Bow to Gen. 1-3 and the difficulty is explained, yet even then just as it ought to be, in the measure of our faith. “If thine eye be single, thy whole body is full of light": the want of this is the real source of confusion, error, contradiction and every other fault which rationalists love to heap on the Bible. These exist in their own minds and system, not in God's word. It is impossible to understand scripture without seeing the divine design which accounts for distinct aspects, repetitions, and all the other peculiarities over which they ignorantly stumble. God, being love, is considerate of the poor, the lowly, the young, the old, while He puts down the haughty who count themselves learned and deep, wise and prudent. He has revealed Himself in writings whose unity of thought and moral purpose, is only and infinitely more striking because they consist of books in more than one language, and spread over the greatest variety of writers through fifteen centuries. Hence, whether dealing by law through Moses, or by grace in His Son, one-half in both Old Testament and New consists of facts profoundly instructive for the most reflective, but withal coming down to the level of a child. Only God could have done or thought of this beforehand: now that it is before us in the Bible, we can see that there is nothing like it (save in poor measure what is borrowed from it) for simplicity or for depth, for rising up to God or for coming down to the secrets of man's heart.

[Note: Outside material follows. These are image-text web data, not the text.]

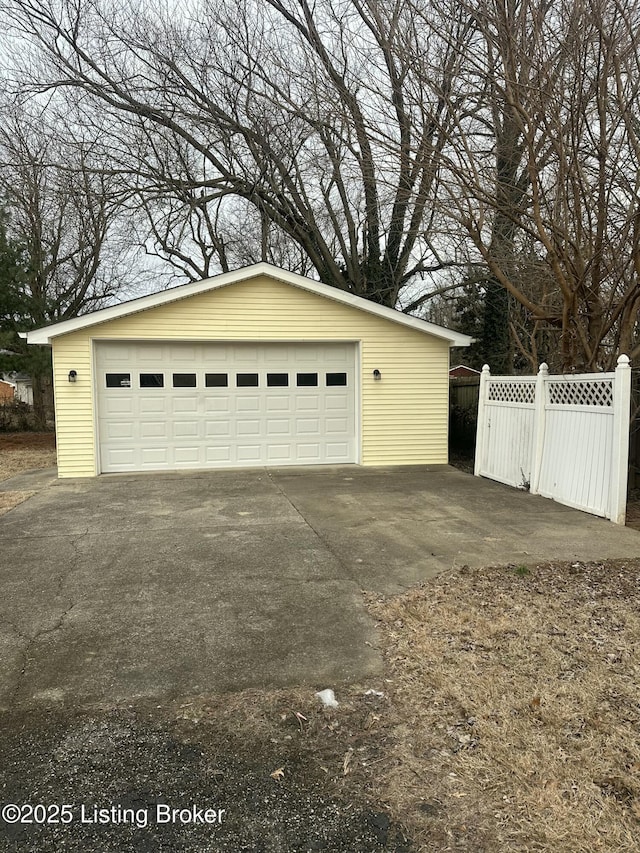 detached garage featuring fence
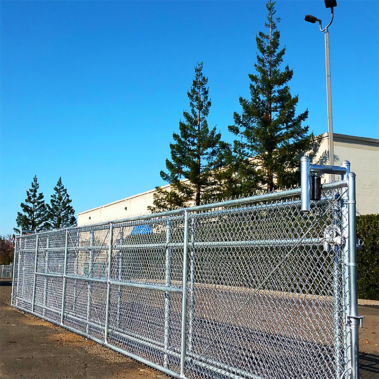A sturdy chain link fence with a prominent gate, providing security and access to the enclosed space.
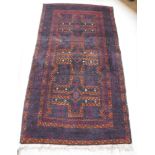 A Turkaman rug with three repeating cross medallions in terracotta on a deep wine ground,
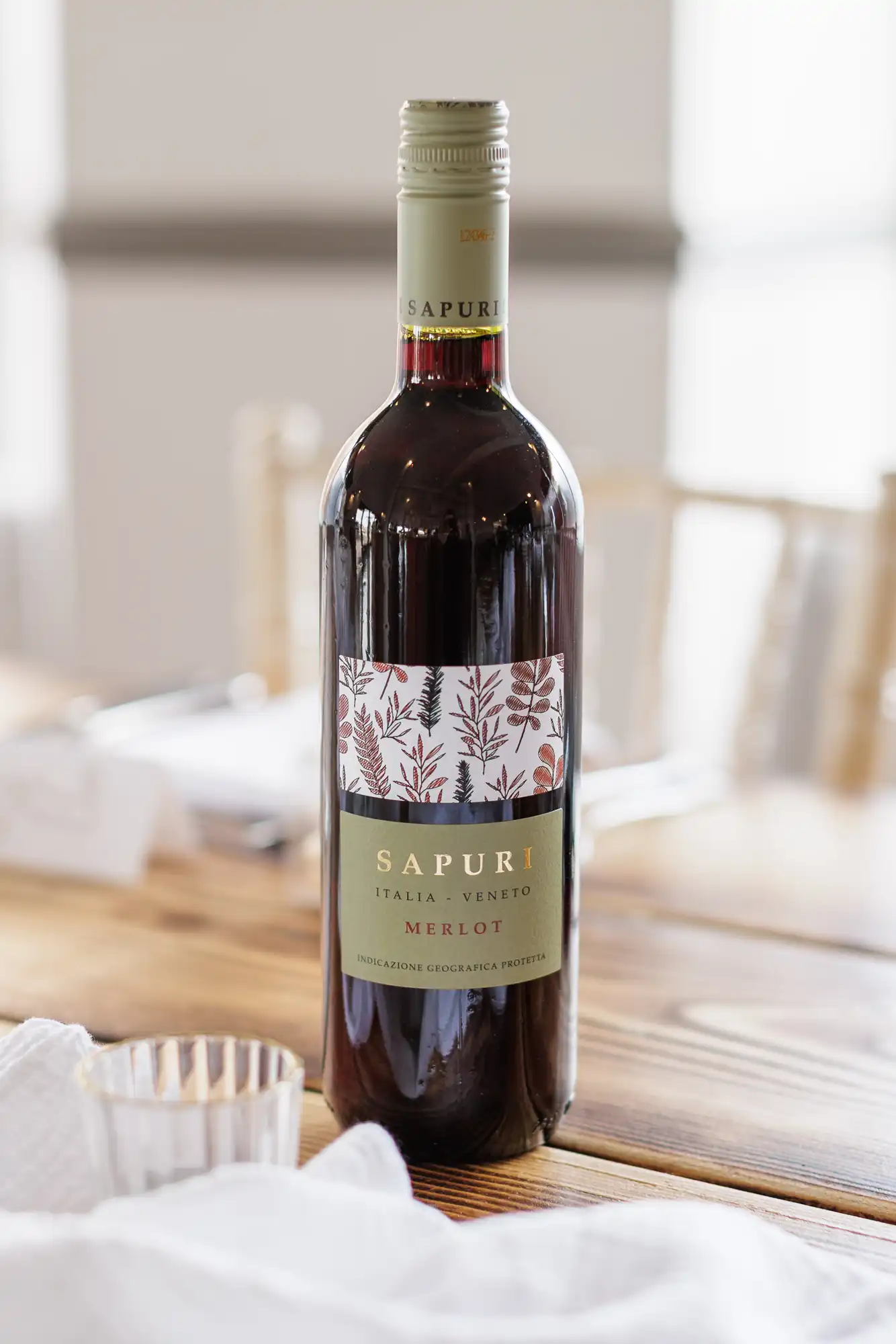 A bottle of Sapuri Merlot wine sits on a wooden table, with a decorative label featuring leaves and twigs. The wine is deep red. A clear, empty glass and a white serviette are nearby, with blurred chairs and crockery in the background.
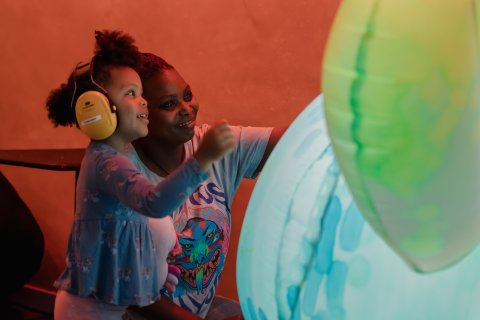 A young brown skinned child is help by her smiling mother and they are both touching a giant inflatable robotic plant.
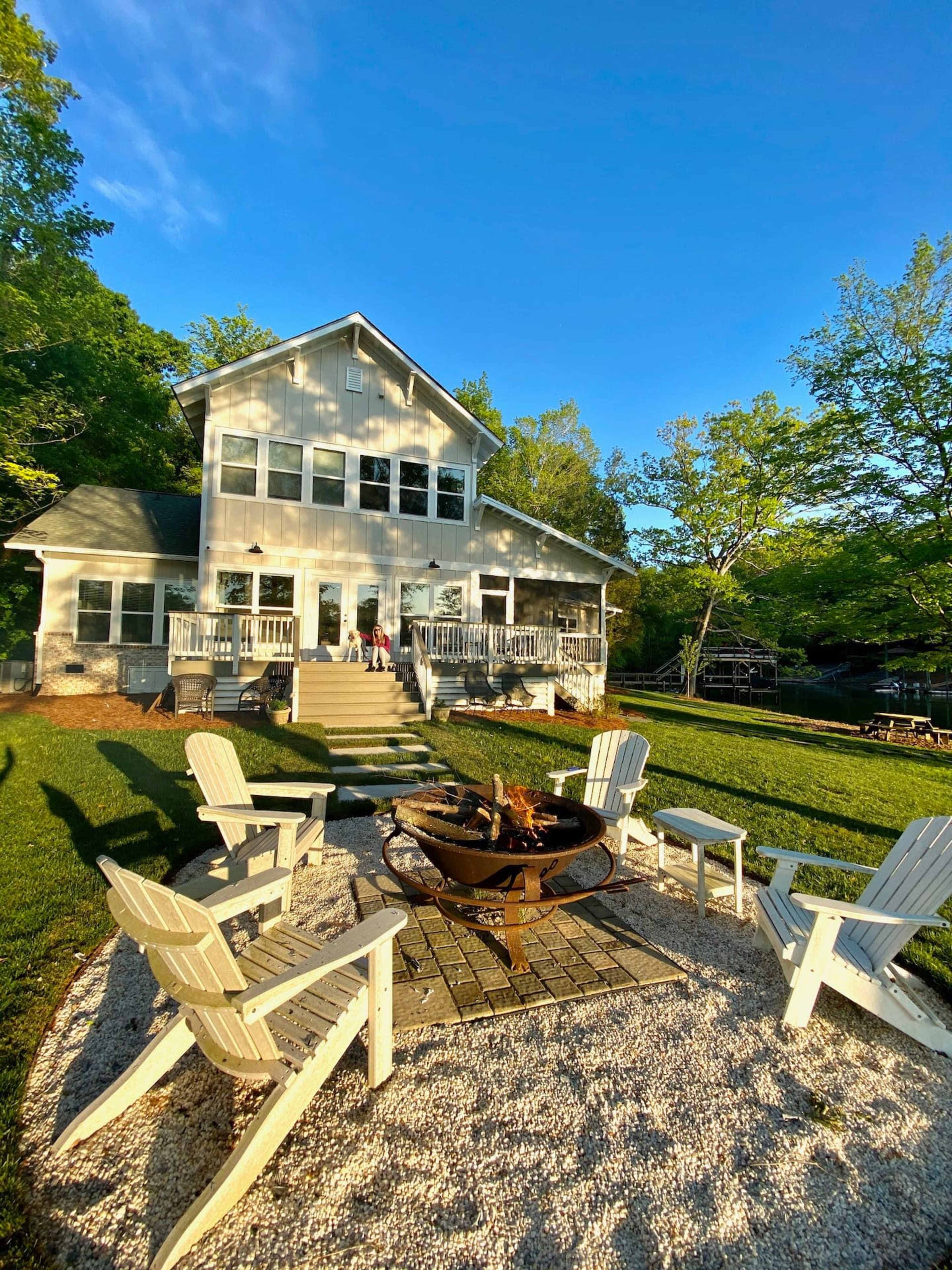 A modern two-story house with a spacious backyard features a fire pit surrounded by Adirondack chairs and lush greenery.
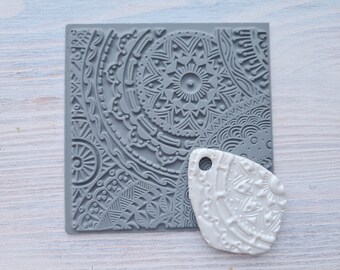 Pode incluir: Um carimbo de silicone cinza com um design de mandala detalhado. Um pingente de argila polimérica branca com um design semelhante está ao lado do carimbo.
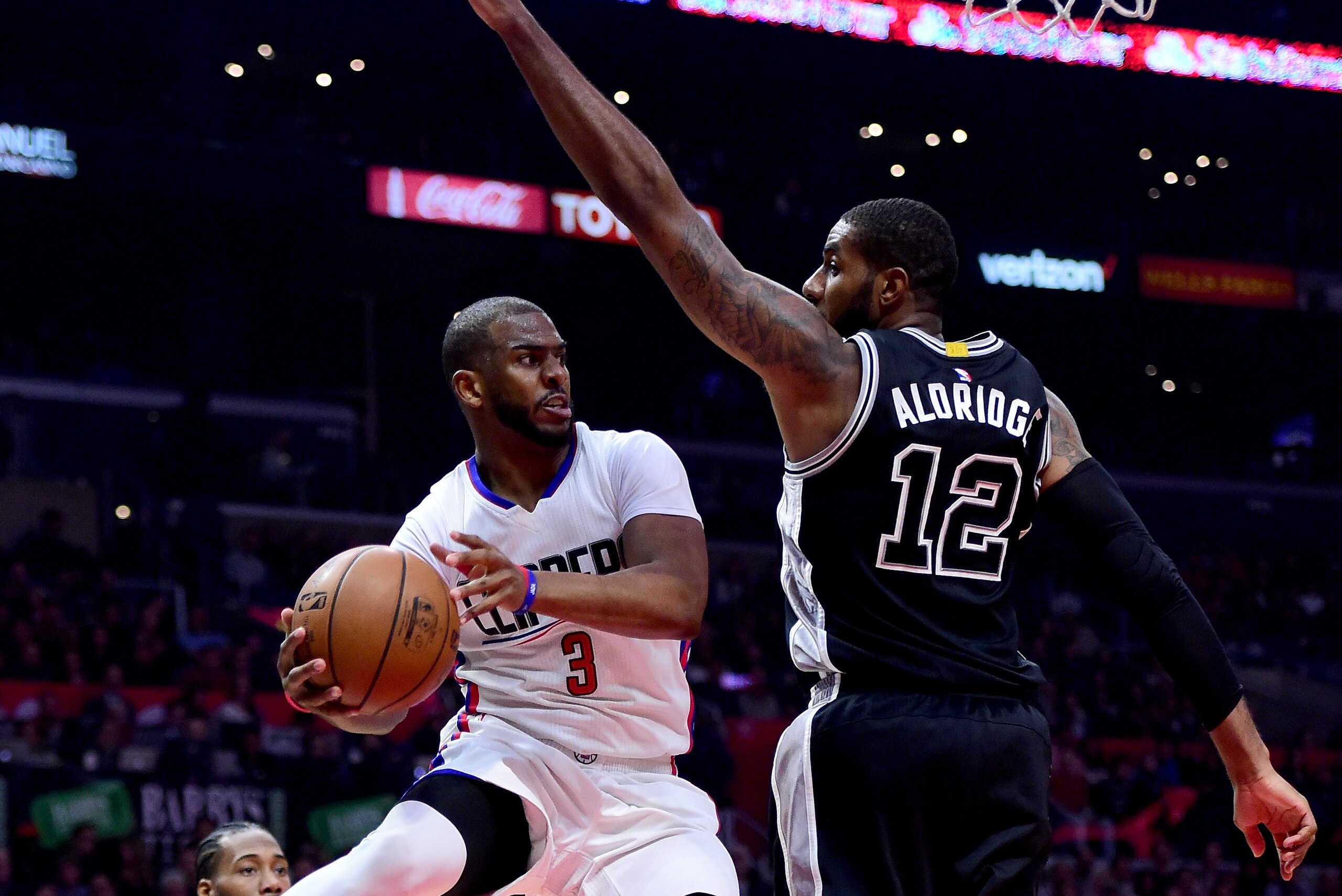LOS ANGELES, CA - FEBRUARY 24:  Chris Paul #3 of the LA Clippers makes a pass around LaMarcus Aldridge #12 of the San Antonio Spurs during the first half at Staples Center on February 24, 2017 in Los Angeles, California.  NOTE TO USER: User expressly acknowledges and agrees that, by downloading and or using this photograph, User is consenting to the terms and conditions of the Getty Images License Agreement.  (Photo by Harry How/Getty Images)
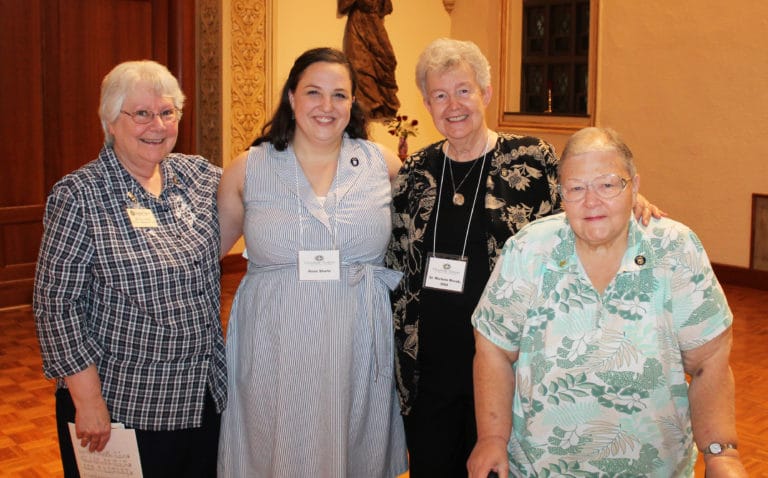 New Associate Renee Schultz, second from left, who is from Prairie Village, Kan., poses with Sister Pat Lynch, left, Sister Kathleen Dueber, right, and Sister Michele Morek. Sisters Pat and Kathleen are former Ursuline Sisters of Paola, Kan., and Sister Michele now ministers in Kansas City, Mo.
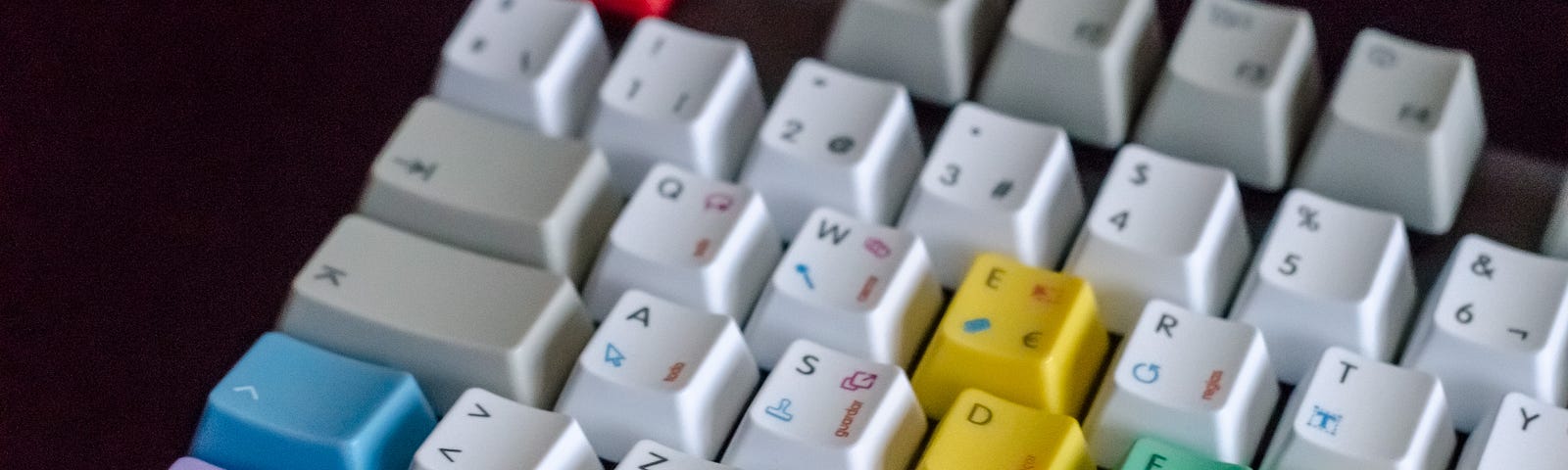 Computer keyboard with colourful keys sitting on a dark background.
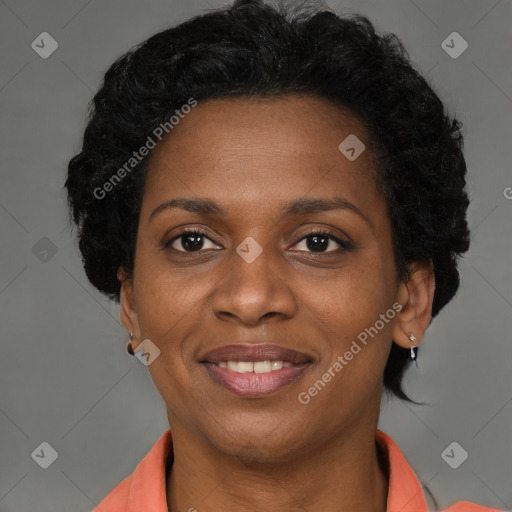 Joyful black adult female with short  brown hair and brown eyes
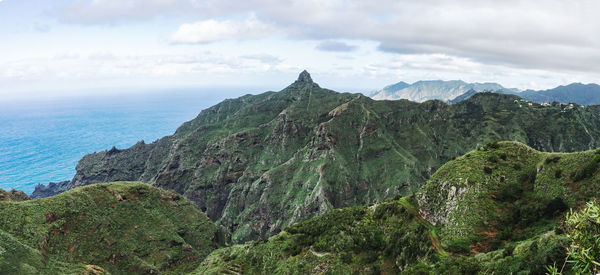 Scenic view of sea and mountains against sky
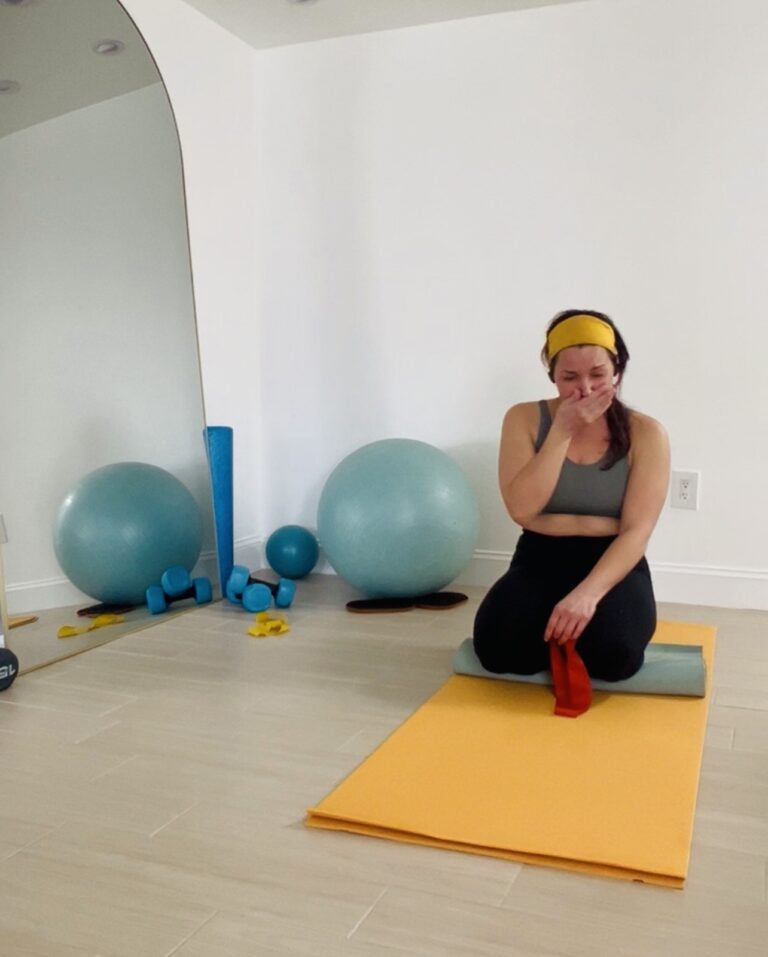 Gwen kneeling on an orange mat in her home training space, holding a resistance band, breaking down in tears mid-workout. Dumbbells, stability balls, and a foam roller around her.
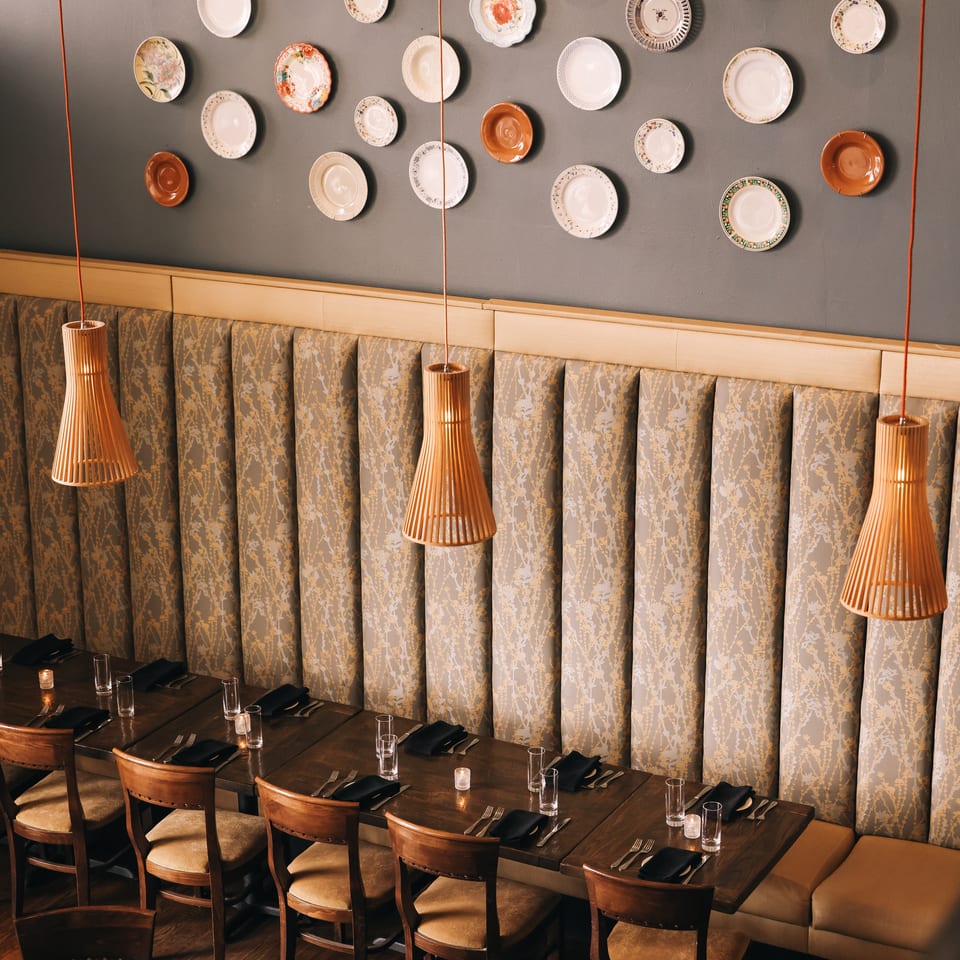Elegant restaurant dining room with patterned banquette seating, pendant lights, set tables, and decorative plates displayed on the wall.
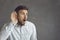 Portrait of adult man eavesdrop with hearing gesture listen shock news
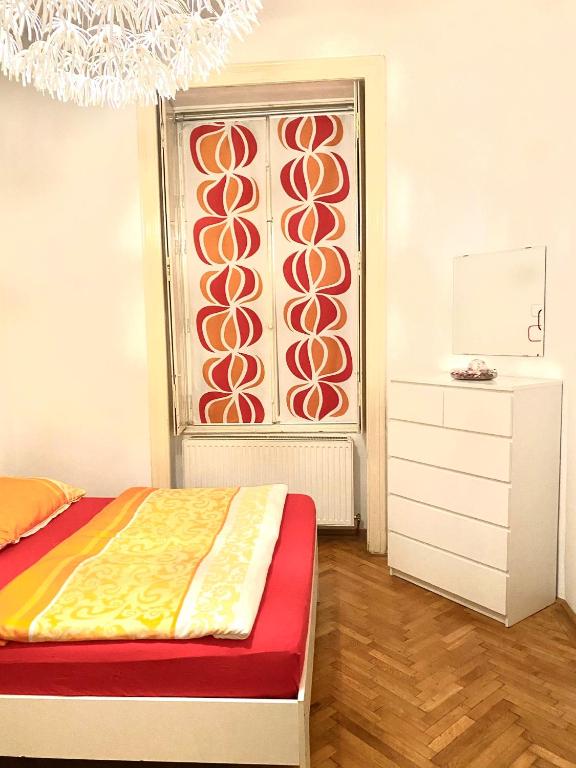 Postel nebo postele na pokoji v ubytování Apartment opera 1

What reader can fail, for example, to see that God made all around and above Adam, and pronounced it all very good; that man (the chief and most favored of all in a paradise—not such as blind Mahometanism holds out, but of purity and innocence) disobeyed Him who gave him all and tried him by the least conceivable test, and thus brought in the vanity and death of all this lower creation? Who can be deaf to the solemn voice that searches out the truth from lips which, spite of deceit and insolence, cannot but condemn themselves? Who can forget the accents of grace implied even in the hopeless condemnation of the arch-foe, and assuring the guilty of a Savior who must suffer first but at last crush the serpent's head? None but the rationalist; none but the man who prefers his own reasonings to scripture—himself the first man to Christ the Second and last Adam.